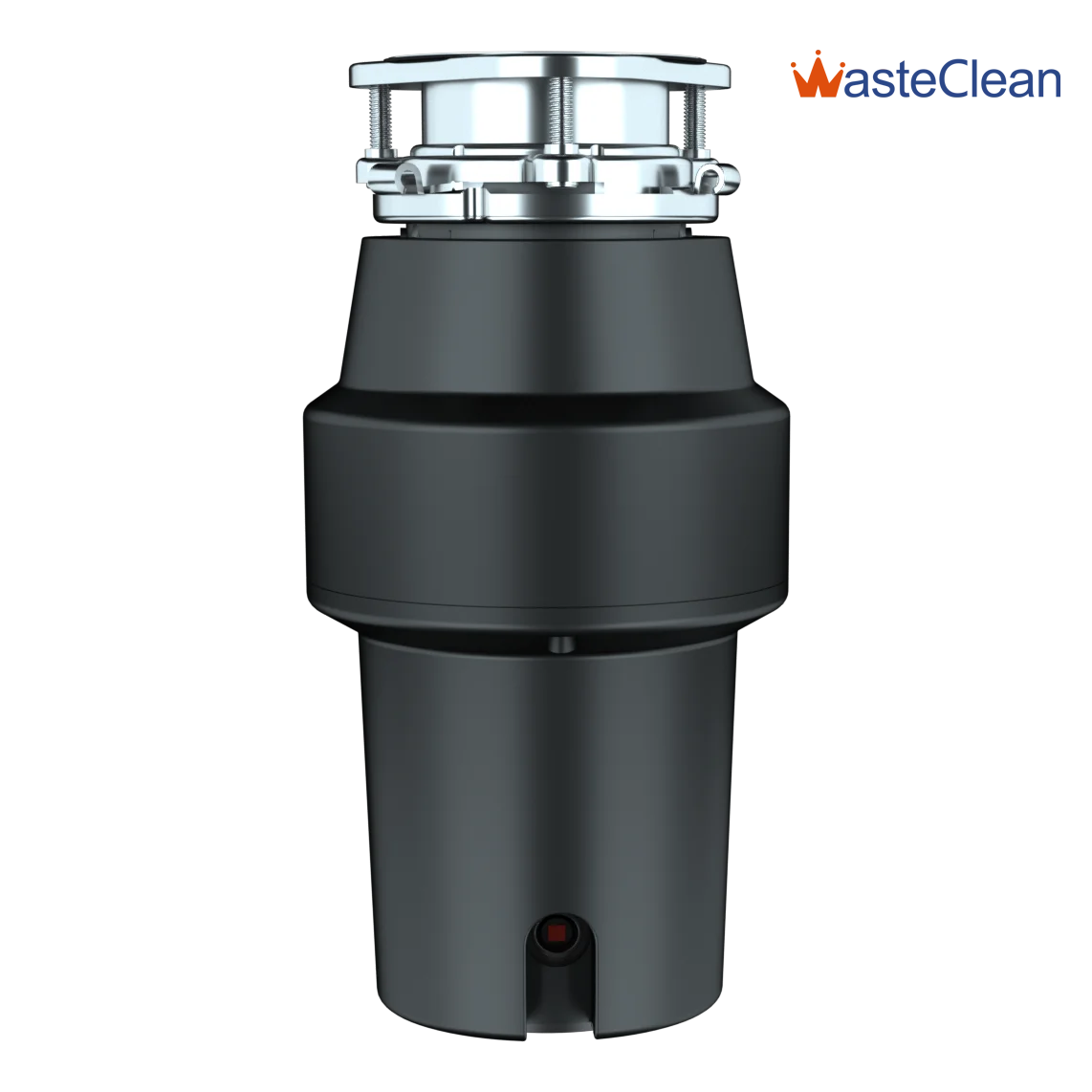 Wasteclean 3-Level Grinding Food Waste Disposal Unit with 1/2Hp 370w,EZ Mount Flange SYS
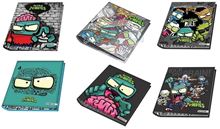 Foto de Carpeta 3 anillos Nº3 Mooving Zombie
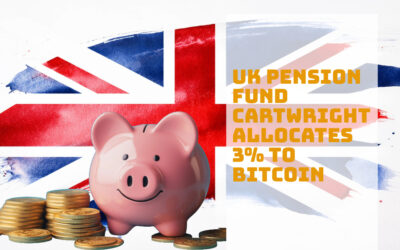 Brittisk pensionsfond allokerar 3% i bitcoin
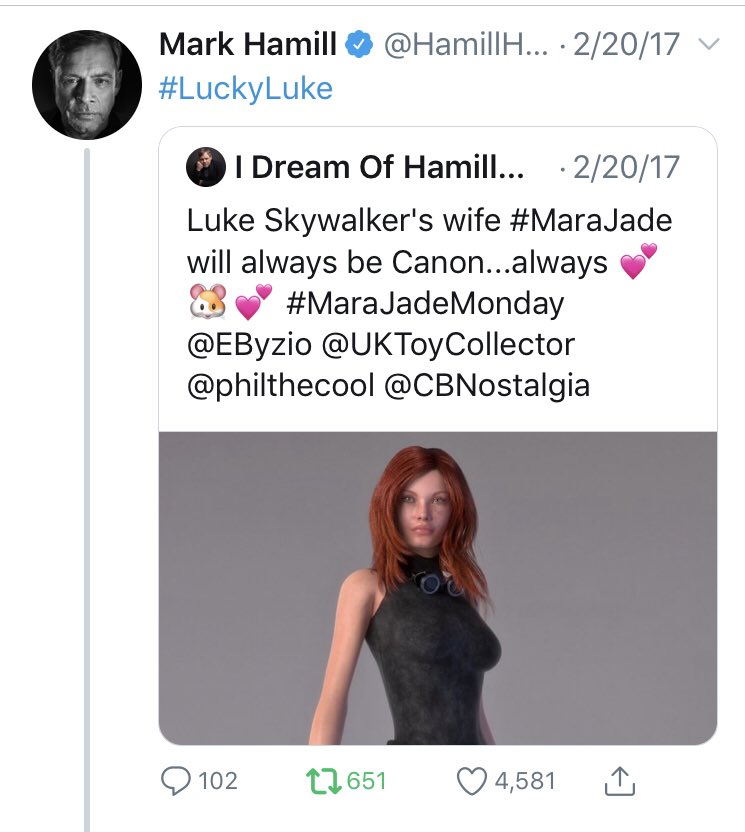 I Dream Of Hamill 💙💕🐹💕(Mark Hamill Fan Club) (@idreamofhamill) on Twitter photo 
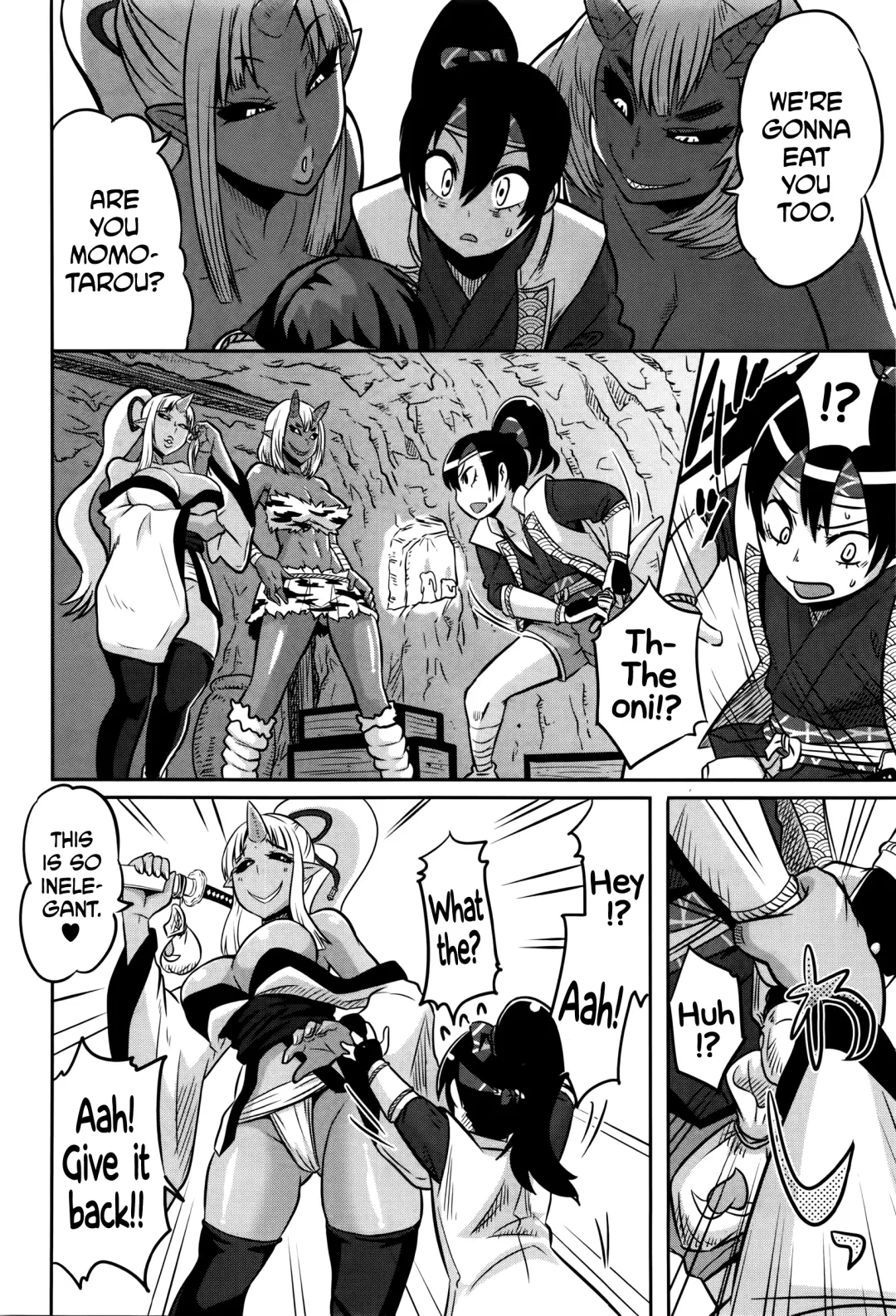 [Yuuki Ray] Peach Hero! Fhentai - Page 8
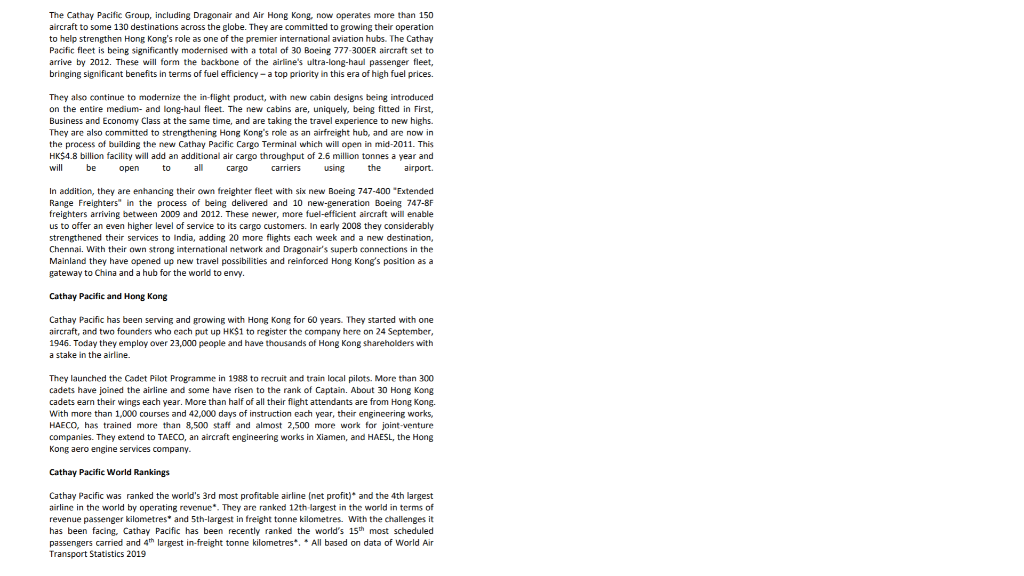 1.1 To develop a mission statement, you should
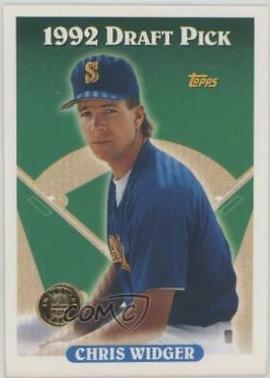 Chris Widger #632 Baseball Cards 1993 Topps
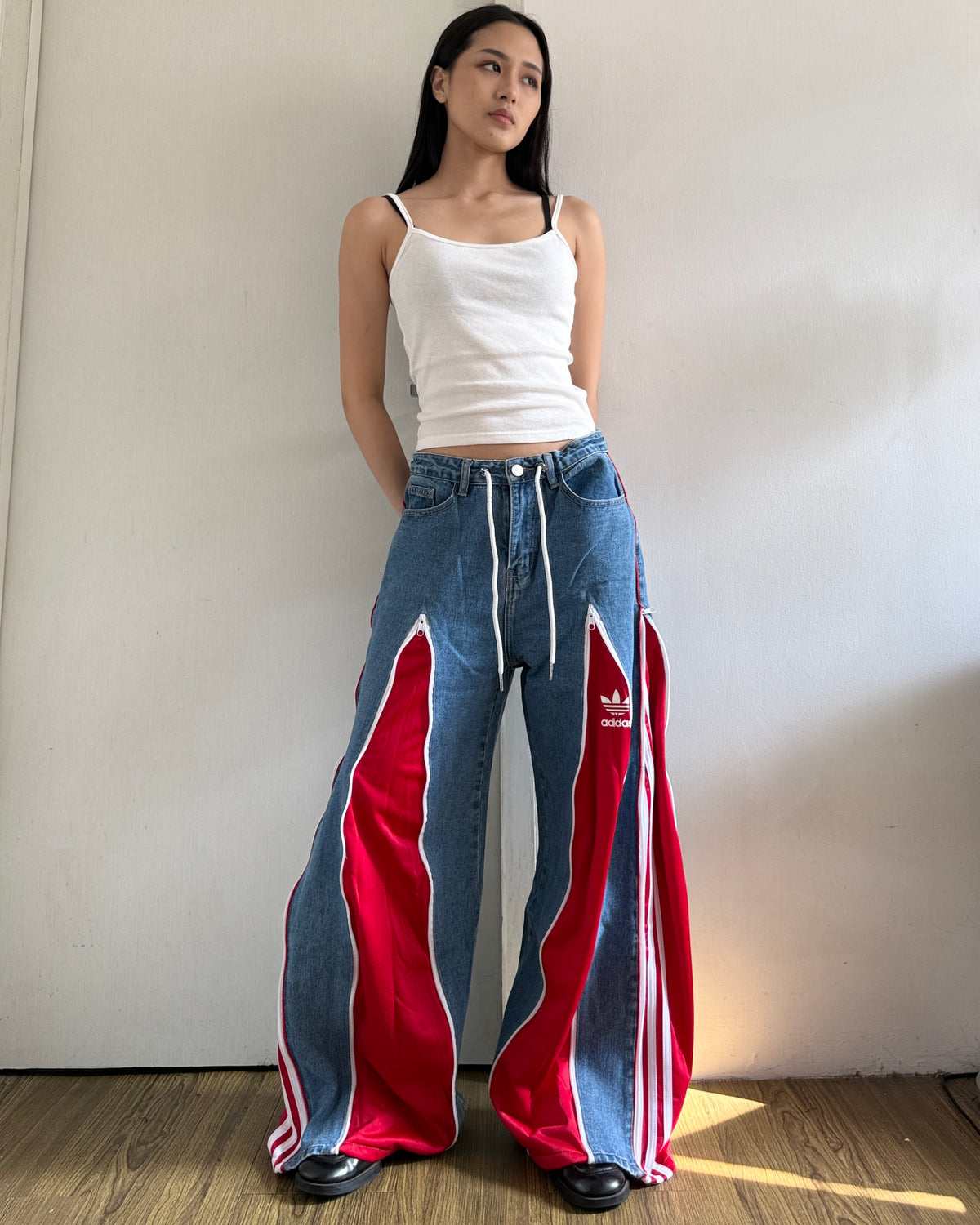 Zipper Pants 0333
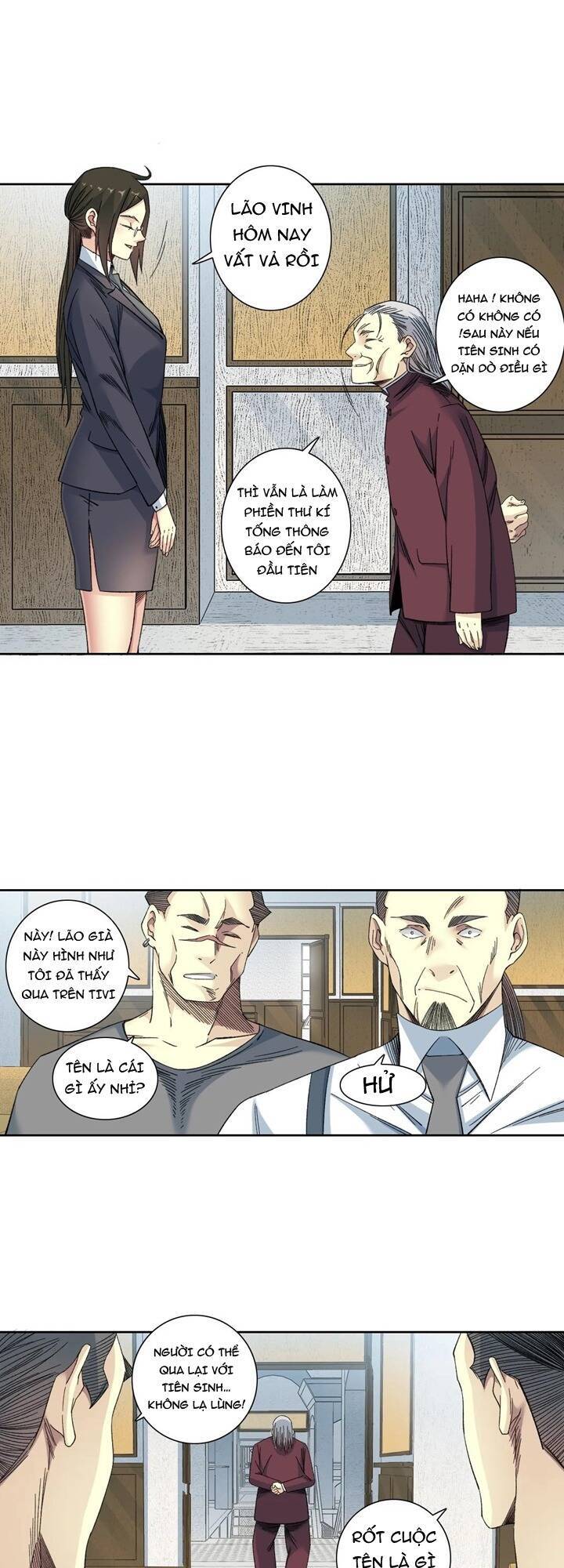 Câu Lạc Bộ Trường Sinh chapter 138 - Trang 13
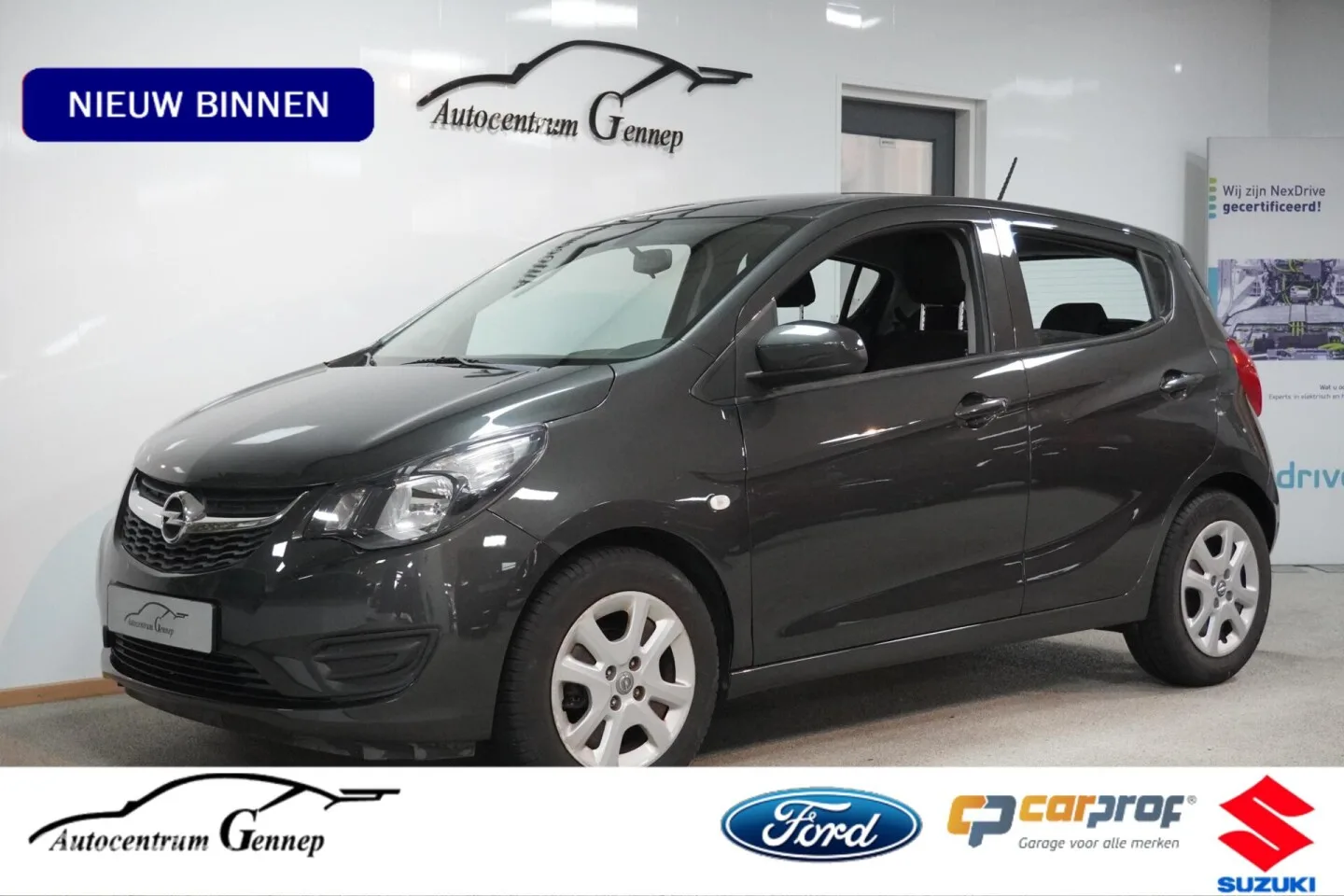 Opel Karl (2017) — foto 1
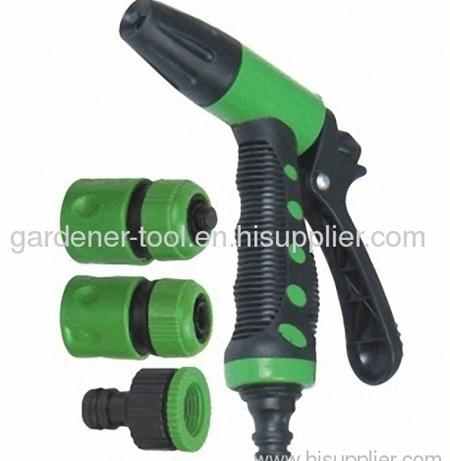 2-way garden trigger nozzle set for garden irrigation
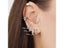 Gold Plated Huggie Earrings With CZ Zircon Thin Ear Hoops For Women's Ear Carousel 4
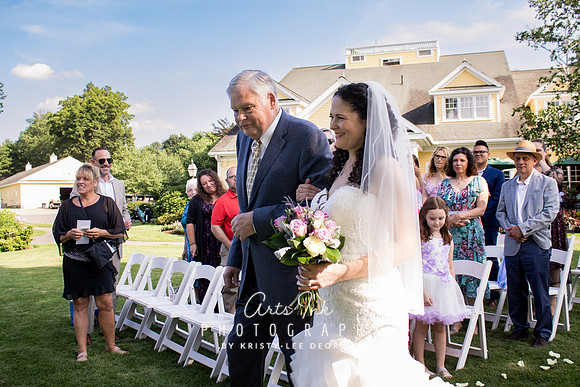 Cyprian Keys Country Club Wedding Ceremony Photography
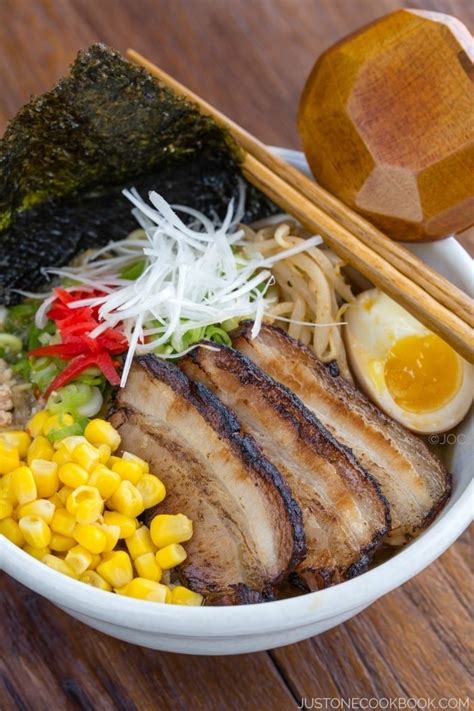Maybe you would like to learn more about one of these? Miso Ramen Recipe 味噌ラーメン • Just One Cookbook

— Exercise —
From the material above, copy everything exactly but the pictures.

— Output —
 Wasteclean 3-Level Grinding Food Waste Disposal Unit with 1/2Hp 370w,EZ Mount Flange SYS
 Foto de Carpeta 3 anillos Nº3 Mooving Zombie
 Brittisk pensionsfond allokerar 3% i bitcoin
 I Dream Of Hamill 💙💕🐹💕(Mark Hamill Fan Club) (@idreamofhamill) on Twitter photo 
 [Yuuki Ray] Peach Hero! Fhentai - Page 8
 1.1 To develop a mission statement, you should
 Chris Widger #632 Baseball Cards 1993 Topps
 Zipper Pants 0333
 Câu Lạc Bộ Trường Sinh chapter 138 - Trang 13
 Opel Karl (2017) — foto 1
 2-way garden trigger nozzle set for garden irrigation
 Gold Plated Huggie Earrings With CZ Zircon Thin Ear Hoops For Women's Ear Carousel 4
 Cyprian Keys Country Club Wedding Ceremony Photography
Maybe you would like to learn more about one of these? Miso Ramen Recipe 味噌ラーメン • Just One Cookbook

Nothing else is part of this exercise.